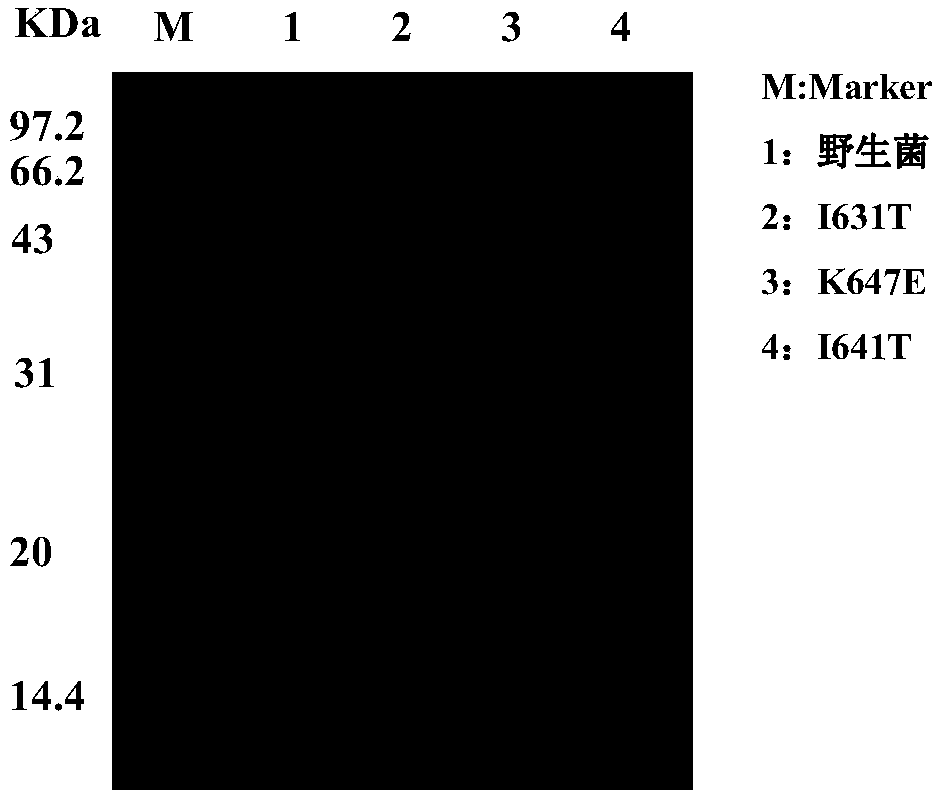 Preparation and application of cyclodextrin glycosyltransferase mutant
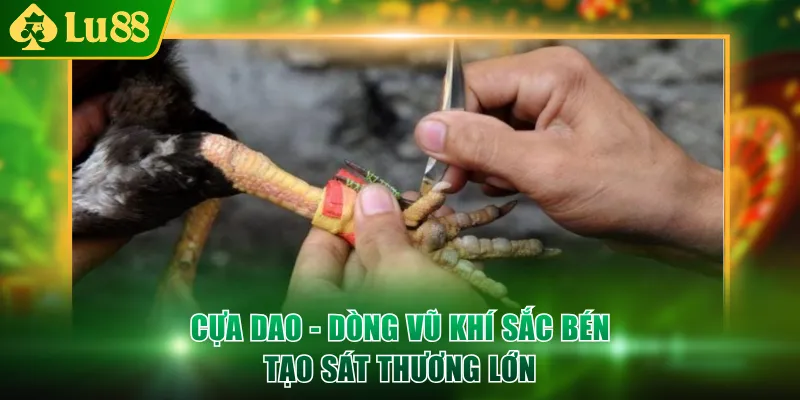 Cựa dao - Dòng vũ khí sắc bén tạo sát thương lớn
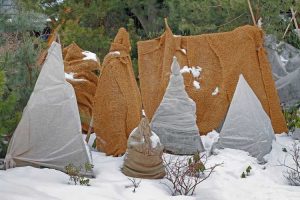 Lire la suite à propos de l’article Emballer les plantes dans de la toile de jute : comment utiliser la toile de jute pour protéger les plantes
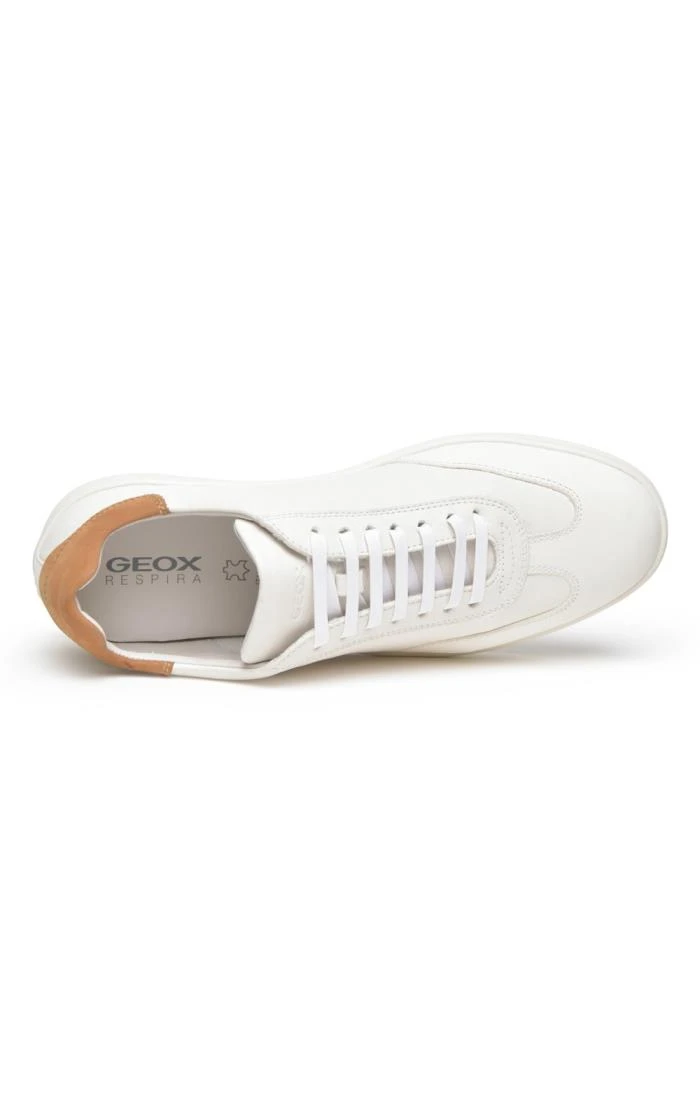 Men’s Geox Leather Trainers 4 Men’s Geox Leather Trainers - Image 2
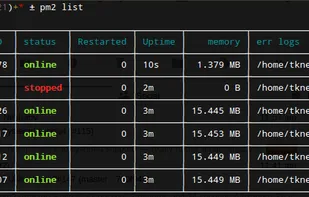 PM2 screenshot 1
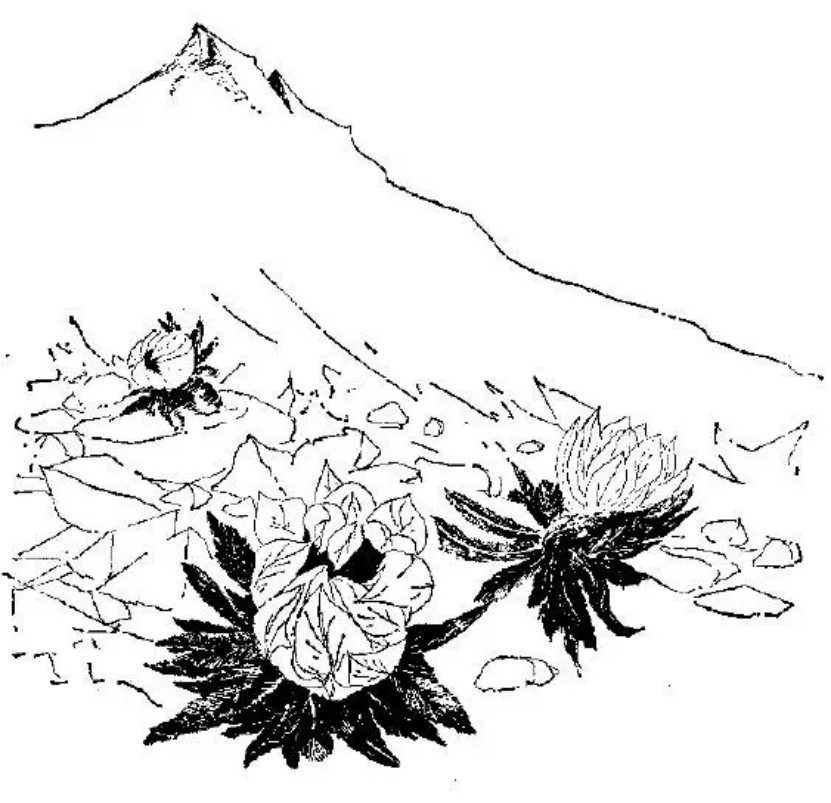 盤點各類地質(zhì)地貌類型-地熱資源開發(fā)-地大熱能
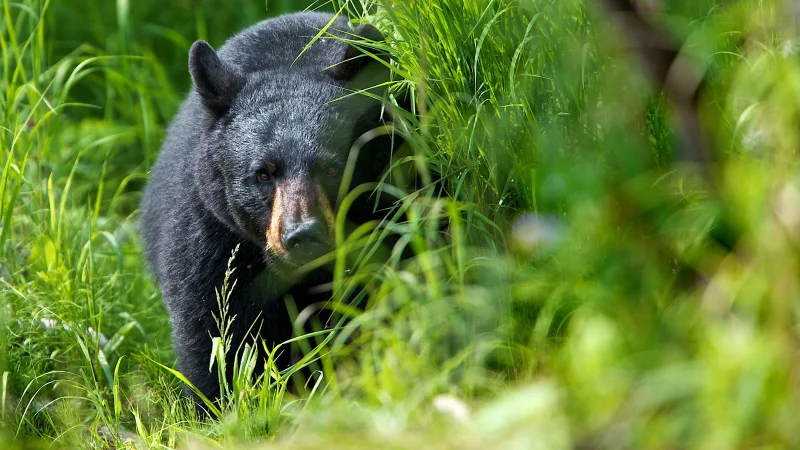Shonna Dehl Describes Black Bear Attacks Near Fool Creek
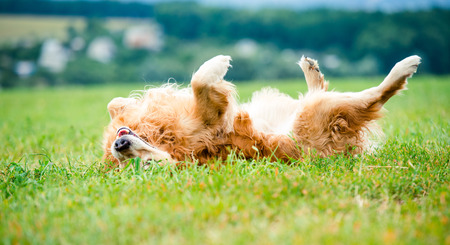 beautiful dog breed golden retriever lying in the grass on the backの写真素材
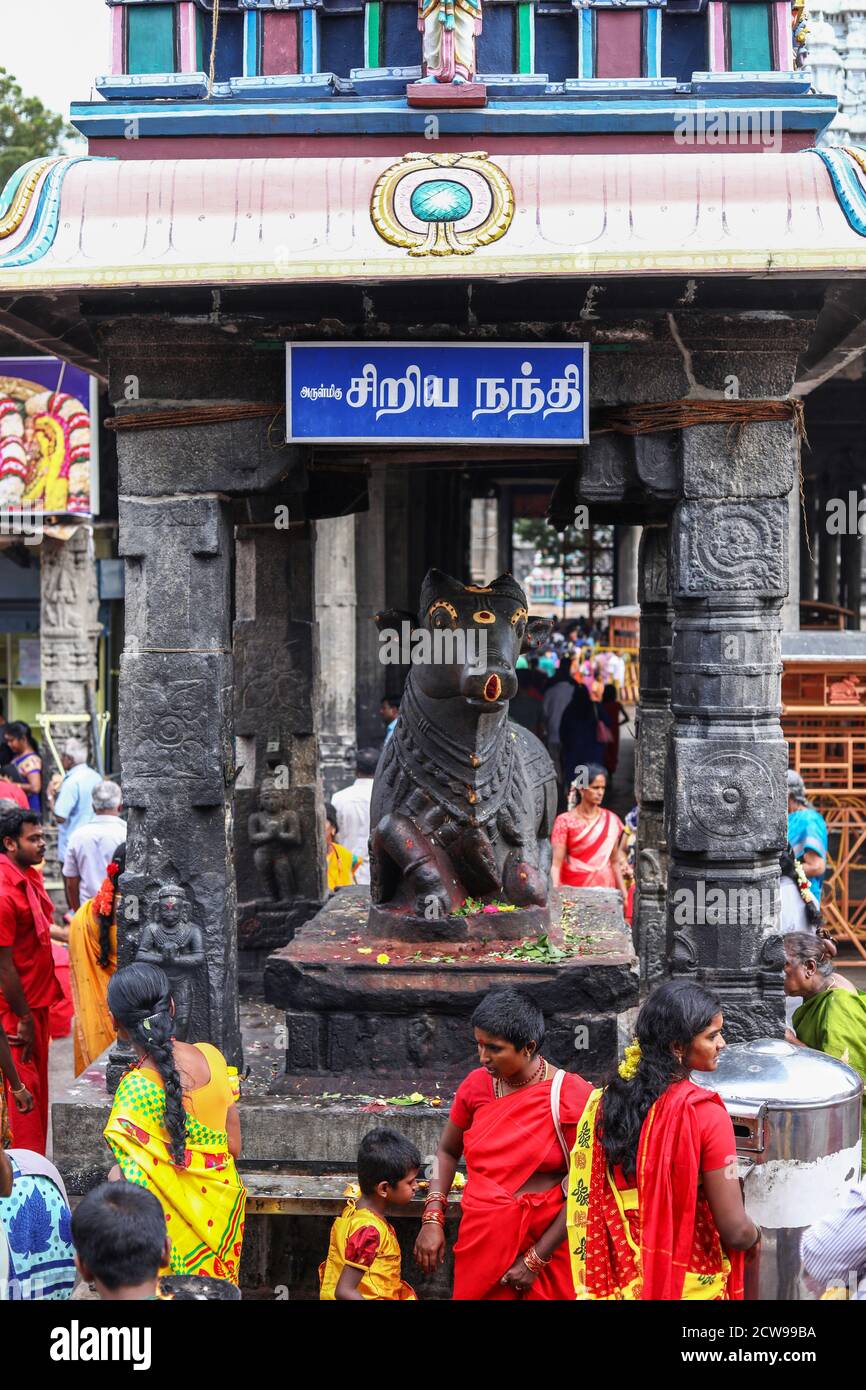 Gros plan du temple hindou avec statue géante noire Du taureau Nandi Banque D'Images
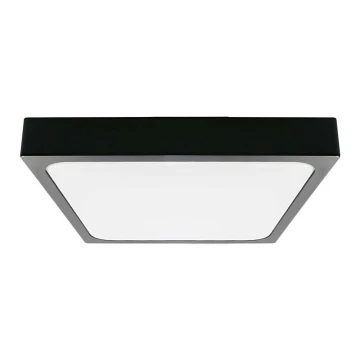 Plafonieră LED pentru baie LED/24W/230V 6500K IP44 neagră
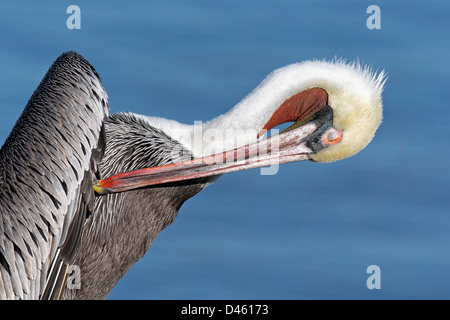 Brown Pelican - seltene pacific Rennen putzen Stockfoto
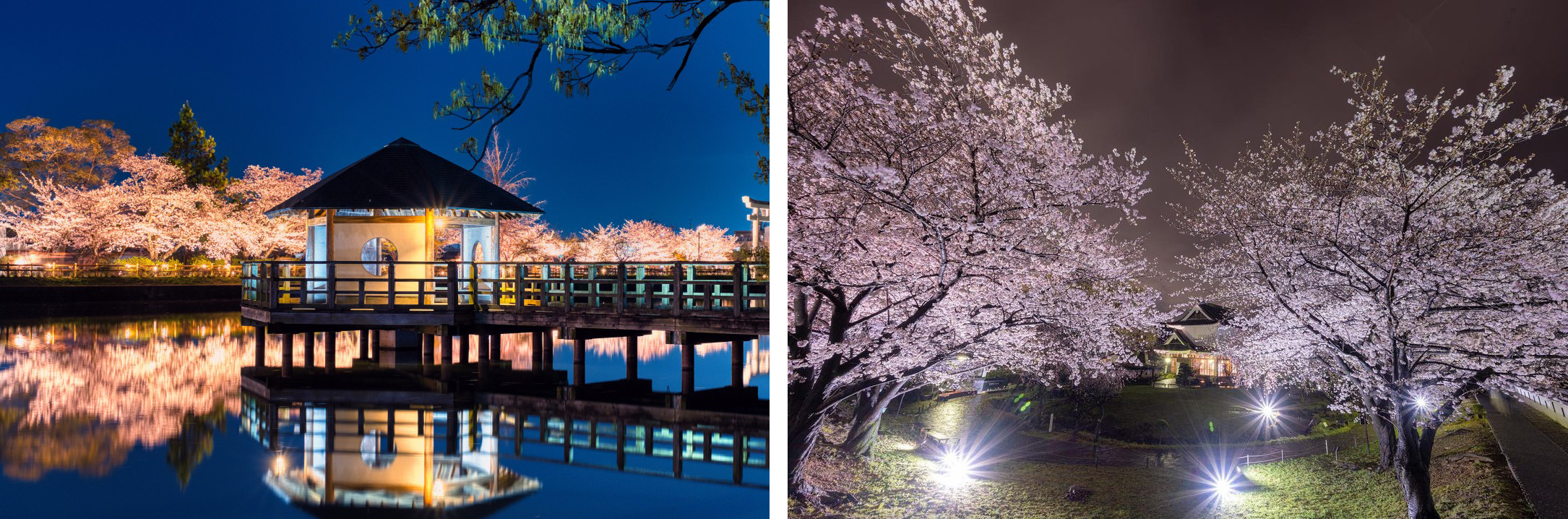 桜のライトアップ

——

Leaving every picture aside, reproduce exactly the lines above from the one with "Lire la suite" up to and including the one with "Shonna Dehl Describes", and no others.

RESULT OF THE TASK:
 Lire la suite à propos de l’article Emballer les plantes dans de la toile de jute : comment utiliser la toile de jute pour protéger les plantes
 Men’s Geox Leather Trainers 4 Men’s Geox Leather Trainers - Image 2
 PM2 screenshot 1
 盤點各類地質(zhì)地貌類型-地熱資源開發(fā)-地大熱能
Shonna Dehl Describes Black Bear Attacks Near Fool Creek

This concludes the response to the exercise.